A recente ascensão da Ásia, que começou com o avanço do Japão no pós-guerra, representa um retorno ao padrão histórico. A Ásia dominou a economia mundial durante a maior parte da história humana até o século XIX.
“Em torno ao fim do século XVII, a Europa olhava com admiração e inveja para uma região do globo que concentrava […] mais de dois terços do PIB do mundo e três quartos da população”, disse Andrea Colli, professor de história econômica na universidade de Bocconi, na Itália.
No século XVIII, a participação da Índia na economia mundial era tão grande quanto a da Europa, segundo o escritor e político indiano Shashi Tharoor.
Nos três séculos seguintes, o papel da Ásia no mundo foi encolhendo, à medida que as economias ocidentais decolavam, impulsionadas pelo que os acadêmicos chamam de Revolução Científica,
seguida pelo Iluminismo e pela Revolução Industrial.
“O que se estamos vendo agora é a grande reversão”, diz Joel Mokyr, professor da Northwestern University. “Entre 1500 e 1750, a Europa mudou dramaticamente; o resto do mundo, não.”
Por volta dos anos 1950, a Ásia representava menos de 20% da produção do mundo, apesar de ter mais da metade da população.
“No século XIX, a Ásia transformou-se do centro produtivo do mundo em uma clássica economia subdesenvolvida, exportando commodities agrícolas”, disse Bob Allen, professor de história econômica da Universidade de Nova York em Abu Dhabi.
Nas últimas décadas, entretanto, essa tendência mudou.
A ascensão impressionante do Japão e da Coreia do Sul, os primeiros países na Ásia a se equiparar ao Ocidente, ficou parecendo nanica perto do forte desenvolvimento da China depois da introdução das reformas voltadas ao mercado pelo líder chinês Deng Xiaoping no fim dos anos 1970.
Em apenas duas gerações, uma “combinação bem-sucedida de integração com a economia mundial via comércio e investimentos externos diretos; de alto índice de poupança; de grandes investimentos em capital humano e físico; e de políticas macroeconômicas sólidas” contribuiu para o salto econômico da
Ásia, segundo o mais recente panorama regional do FMI organizado por Koshy Mathai.
“O período de dois séculos do Ocidente como potência mundial está no fim”, argumenta Kishore Mahbubani em seu livro mais recente “A Queda do Ocidente?”.
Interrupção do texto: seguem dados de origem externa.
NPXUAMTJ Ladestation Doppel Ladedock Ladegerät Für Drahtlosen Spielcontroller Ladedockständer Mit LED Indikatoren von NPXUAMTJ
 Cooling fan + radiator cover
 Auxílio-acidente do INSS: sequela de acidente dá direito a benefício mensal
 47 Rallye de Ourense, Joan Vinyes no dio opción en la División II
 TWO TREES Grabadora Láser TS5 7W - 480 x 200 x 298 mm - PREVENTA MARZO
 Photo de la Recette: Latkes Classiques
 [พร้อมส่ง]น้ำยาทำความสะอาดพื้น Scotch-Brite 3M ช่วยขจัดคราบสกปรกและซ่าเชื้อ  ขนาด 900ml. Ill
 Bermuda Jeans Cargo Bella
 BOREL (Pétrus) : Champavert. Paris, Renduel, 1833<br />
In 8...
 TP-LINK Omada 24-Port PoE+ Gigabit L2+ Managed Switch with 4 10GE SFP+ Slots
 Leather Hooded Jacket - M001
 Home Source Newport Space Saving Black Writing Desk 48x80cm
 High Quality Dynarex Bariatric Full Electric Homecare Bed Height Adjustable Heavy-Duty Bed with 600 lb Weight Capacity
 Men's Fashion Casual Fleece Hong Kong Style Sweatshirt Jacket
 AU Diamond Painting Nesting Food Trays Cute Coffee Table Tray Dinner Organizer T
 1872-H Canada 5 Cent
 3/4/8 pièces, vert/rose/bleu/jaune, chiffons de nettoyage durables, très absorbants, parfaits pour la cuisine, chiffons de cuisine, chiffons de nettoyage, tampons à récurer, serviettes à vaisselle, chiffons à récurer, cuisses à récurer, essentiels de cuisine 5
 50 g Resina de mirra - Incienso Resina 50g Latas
Nos últimos 50 anos, centenas de milhões de pessoas na Ásia foram tiradas da pobreza e muitos países asiáticos passaram a ter o status de economias avançadas ou de renda média, segundo as definições do Banco Mundial. Pela PPP, ainda é cerca de 35% do americano e 44% do europeu. O PIB per capita da Índia é cerca de 20% do europeu, de acordo com dados do FMI.
Desde 2000, contudo, a diferença nos PIBs per capita da China e da Índia em relação aos dos EUA e Europa diminuiu muito. Ao longo desse período, a China se tornou quase cinco vezes mais rica que a África subsaariana, em produção média per capita, sendo que em meados dos anos 90, as duas regiões estava em níveis parecidos.